“The trick with science fiction is not to prove that something--a machine, a technology, a history, a new way of being--would be possible. It's to temporarily convince us that it already exists.”
Teresa and Patrick Nielsen Hayden

author: Nicole J. LeBoeuf

actually writing blog

Also, she's knitting socks. How cool is that?
This is Leah Bobet. She edits Ideomancer.
Paul Cornell is wearing the coolest shirt ever.
WorldCon 2009, Friday: Squee And More Squee
Fri 2009-08-07 23:17:06 (in context)
  • 494 words (if poetry, lines) long

I'm in Montreal today, and will be until Tuesday morning. Montreal is where WorldCon is this year. It is full of lovely architecture, found art, great food, and cab drivers that speak only French. This weekend it is also full of science fiction, fantasy, and horror fans enjoying the heck out of each other's company.

Today I took some pictures. That's kinda news. I carry a camera with me but I'm sort of missing the shutterbug instinct, so the machine stays useless in the bookbag most of the time. It stayed there during this morning's "Stroll With The Stars" (a morning walk about town in company with several Industry Names, sort of a moving kaffeeklatsch without the sign-up sheet). That was silly. But I took it out for a couple of things today.

First, there's Leah Bobet doing her half-hour of autograph duty. Leah writes fiction, critiques manuscripts at this year's writing workshops, and edits the online speculative fiction magazine Ideomancer. Which is where I submitted "Sidewalks" at the end of June. Leah's response to this was not a rejection letter, but a rewrite request back on July 20th. This is a first for me, for a fiction submission. And it blows my mind. I always thought short fiction, especially short-short fiction, pretty much got accepted or rejected as is; how could a 500-word story be worth the time an editor takes going back and forth with the writer over revisions? Short fiction magazines are on tight budgets as it is! And yet here we are.

Rewriting "Sidewalks," as I've said here before, scares the crap out of me. Such a short story is like a tightrope walk; it balances on such a fragile line between the twin pitfalls of overwriting and underwriting. And I've already taken some falls on the overwriting side, making me really nervous when I'm asked to make something clearer or more explicit. When the response to my first rewrite came back asking for a second, I swear my mental reaction was "O Gods, what now? Don't make me do this! I'll break it for sure!" But then I printed out Leah's email, poured myself a shot of Glenmorangie and a bathtub of piping hot water, and contemplated the task in as relaxed a manner as my high-strung little self could manage.

I'm extremely glad for this process, and not just because it's not a rejection letter. Without the rewrite request, I might have been content with the story as it was. Sometimes it takes another reader to point out that the story isn't all it could be, and what it could be is worth striving for. Now, even if everything falls through and this process doesn't end in publication, I will still have a vastly improved story. That's pure gold.

I sent off the second rewrite shortly before WorldCon. I'd refrained from blogging about it while the process was still ongoing, up to now, but it's become too hard to resist. I mean, I've got pictures of Leah and me proudly displaying our knitting at WorldCon! (Leah is knitting her first pair of socks. They have a lovely ribbing that's a sort of barberpole lace. It's a pattern from Ravelry whose name I forget.) So not only am I all a-squee over having a fiction editor take this kind of interest in my story, but on top of that I got to geek out about knitting with said editor! How cool is that?

The third picture is Paul Cornell. Paul won a Hugo last year for a two-part Doctor Who episode that he wrote. It was based on a tie-in novel from several Doctors ago which he also wrote.
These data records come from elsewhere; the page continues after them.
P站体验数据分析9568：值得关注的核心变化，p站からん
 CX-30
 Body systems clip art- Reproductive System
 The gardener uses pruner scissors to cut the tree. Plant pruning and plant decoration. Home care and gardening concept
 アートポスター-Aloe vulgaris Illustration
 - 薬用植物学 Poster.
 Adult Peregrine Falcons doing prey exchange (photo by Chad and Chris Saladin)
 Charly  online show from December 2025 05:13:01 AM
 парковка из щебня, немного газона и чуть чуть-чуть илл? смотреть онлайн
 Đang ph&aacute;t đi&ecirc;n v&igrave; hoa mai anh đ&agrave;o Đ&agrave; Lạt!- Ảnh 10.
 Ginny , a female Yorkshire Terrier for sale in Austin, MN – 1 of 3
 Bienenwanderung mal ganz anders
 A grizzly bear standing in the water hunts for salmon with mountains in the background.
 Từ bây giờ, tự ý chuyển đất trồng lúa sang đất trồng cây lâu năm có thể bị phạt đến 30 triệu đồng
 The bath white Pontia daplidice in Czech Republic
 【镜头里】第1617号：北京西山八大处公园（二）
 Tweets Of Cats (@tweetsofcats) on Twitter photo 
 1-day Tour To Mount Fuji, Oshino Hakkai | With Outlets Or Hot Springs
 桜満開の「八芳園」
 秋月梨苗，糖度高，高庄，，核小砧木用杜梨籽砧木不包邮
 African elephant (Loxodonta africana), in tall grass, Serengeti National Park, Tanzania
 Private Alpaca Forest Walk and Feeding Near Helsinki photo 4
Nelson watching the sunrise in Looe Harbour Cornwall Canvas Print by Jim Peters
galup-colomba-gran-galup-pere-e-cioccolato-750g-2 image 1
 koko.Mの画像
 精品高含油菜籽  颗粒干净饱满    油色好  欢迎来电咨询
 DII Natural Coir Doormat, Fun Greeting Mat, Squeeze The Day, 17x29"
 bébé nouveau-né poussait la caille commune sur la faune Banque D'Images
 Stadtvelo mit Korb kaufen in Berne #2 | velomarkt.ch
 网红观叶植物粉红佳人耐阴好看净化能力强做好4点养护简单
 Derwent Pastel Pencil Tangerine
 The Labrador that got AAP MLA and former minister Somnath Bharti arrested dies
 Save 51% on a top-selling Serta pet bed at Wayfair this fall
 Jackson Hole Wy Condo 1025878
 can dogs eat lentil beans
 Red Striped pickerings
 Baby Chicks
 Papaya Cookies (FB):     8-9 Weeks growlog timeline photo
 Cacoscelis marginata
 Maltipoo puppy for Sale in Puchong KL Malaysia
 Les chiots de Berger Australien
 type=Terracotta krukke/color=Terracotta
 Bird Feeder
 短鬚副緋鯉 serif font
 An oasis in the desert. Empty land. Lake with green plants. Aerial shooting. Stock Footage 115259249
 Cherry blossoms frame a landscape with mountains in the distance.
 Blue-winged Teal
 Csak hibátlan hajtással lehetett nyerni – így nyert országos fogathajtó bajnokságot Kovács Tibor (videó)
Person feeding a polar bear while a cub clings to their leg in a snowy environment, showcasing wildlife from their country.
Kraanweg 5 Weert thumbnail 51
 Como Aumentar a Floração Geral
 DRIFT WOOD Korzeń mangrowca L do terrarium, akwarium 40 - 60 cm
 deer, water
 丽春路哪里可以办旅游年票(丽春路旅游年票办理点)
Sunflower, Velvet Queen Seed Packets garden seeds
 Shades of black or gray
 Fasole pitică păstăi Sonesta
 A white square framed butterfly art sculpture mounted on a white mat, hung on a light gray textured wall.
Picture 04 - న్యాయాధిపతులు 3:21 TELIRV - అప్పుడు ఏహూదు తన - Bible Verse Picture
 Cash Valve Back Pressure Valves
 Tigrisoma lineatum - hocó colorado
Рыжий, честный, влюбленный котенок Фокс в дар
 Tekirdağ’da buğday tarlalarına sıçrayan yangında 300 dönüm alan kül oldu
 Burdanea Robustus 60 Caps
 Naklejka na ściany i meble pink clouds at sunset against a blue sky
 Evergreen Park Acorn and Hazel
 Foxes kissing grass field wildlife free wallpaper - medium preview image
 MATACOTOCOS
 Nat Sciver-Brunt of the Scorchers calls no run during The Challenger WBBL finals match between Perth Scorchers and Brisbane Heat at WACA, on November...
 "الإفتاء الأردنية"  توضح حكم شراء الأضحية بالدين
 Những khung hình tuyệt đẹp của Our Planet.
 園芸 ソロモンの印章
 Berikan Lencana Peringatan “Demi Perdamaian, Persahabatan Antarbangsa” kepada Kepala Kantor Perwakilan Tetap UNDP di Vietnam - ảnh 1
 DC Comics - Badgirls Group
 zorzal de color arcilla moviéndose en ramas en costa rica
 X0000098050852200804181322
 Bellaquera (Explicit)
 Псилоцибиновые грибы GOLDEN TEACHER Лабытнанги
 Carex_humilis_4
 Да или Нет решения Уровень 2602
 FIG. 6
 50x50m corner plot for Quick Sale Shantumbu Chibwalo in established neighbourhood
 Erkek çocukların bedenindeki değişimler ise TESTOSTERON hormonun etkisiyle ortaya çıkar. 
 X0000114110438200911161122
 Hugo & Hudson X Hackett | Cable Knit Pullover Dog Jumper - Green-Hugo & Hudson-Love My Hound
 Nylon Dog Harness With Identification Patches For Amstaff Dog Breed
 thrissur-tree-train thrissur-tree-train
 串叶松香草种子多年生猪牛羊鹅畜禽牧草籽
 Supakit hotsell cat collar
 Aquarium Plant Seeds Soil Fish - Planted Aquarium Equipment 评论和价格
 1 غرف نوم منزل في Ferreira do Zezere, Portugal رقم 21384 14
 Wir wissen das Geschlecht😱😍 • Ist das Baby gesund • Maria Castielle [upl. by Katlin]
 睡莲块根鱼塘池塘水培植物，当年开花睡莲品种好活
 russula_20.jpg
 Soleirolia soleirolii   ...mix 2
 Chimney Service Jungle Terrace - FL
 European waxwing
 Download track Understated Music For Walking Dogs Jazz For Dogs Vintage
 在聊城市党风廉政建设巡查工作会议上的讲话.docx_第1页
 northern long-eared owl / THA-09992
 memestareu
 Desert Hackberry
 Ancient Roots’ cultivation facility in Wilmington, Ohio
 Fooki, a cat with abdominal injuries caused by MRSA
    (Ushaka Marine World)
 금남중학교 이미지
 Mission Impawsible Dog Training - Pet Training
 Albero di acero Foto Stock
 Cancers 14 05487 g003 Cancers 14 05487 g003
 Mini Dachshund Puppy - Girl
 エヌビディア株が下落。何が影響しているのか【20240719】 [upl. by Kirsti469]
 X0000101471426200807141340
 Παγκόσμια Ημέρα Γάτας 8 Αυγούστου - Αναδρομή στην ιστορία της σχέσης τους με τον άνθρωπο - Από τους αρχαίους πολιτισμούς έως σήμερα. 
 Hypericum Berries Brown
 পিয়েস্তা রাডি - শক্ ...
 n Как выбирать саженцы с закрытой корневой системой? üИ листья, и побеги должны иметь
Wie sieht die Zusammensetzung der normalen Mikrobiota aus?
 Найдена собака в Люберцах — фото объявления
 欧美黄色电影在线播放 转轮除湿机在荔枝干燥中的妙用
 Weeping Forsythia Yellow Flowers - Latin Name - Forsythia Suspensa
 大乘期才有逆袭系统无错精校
And some readers may have noticed that a chapter in that novel bears a title ripped straight from a Kate Bush lyric. This sort of thing rarely turns out to be coincidence. Paul is a huge Kate Bush fan, and today I got to hear him give a presentation on her music as great fantasy writing. Do you know how seriously cool it is to hear someone whose work you admire totally geek out--in an educated, serious, literature-analysis way--about someone else whose work you admire? It's way cool. In fact, Paul has the coolest theory I have ever heard about the plot of The Ninth Wave (essentially Side 2 of Hounds of Love). (It involves alien abduction.)

This is what makes WorldCon the beautiful wonderful miraculous magical event that it is. Finding out who your heroes consider their heroes. Hearing them enthuse hard in full fan mode about their heroes. Also, finding out that you have more in common with those in the industry than just the industry itself. And I haven't even gotten into the other panels I attended today, or the great conversations at the Making Light party, or or or or or...

It's 3:30 AM. I should wrap this up and go to sleep. Good night!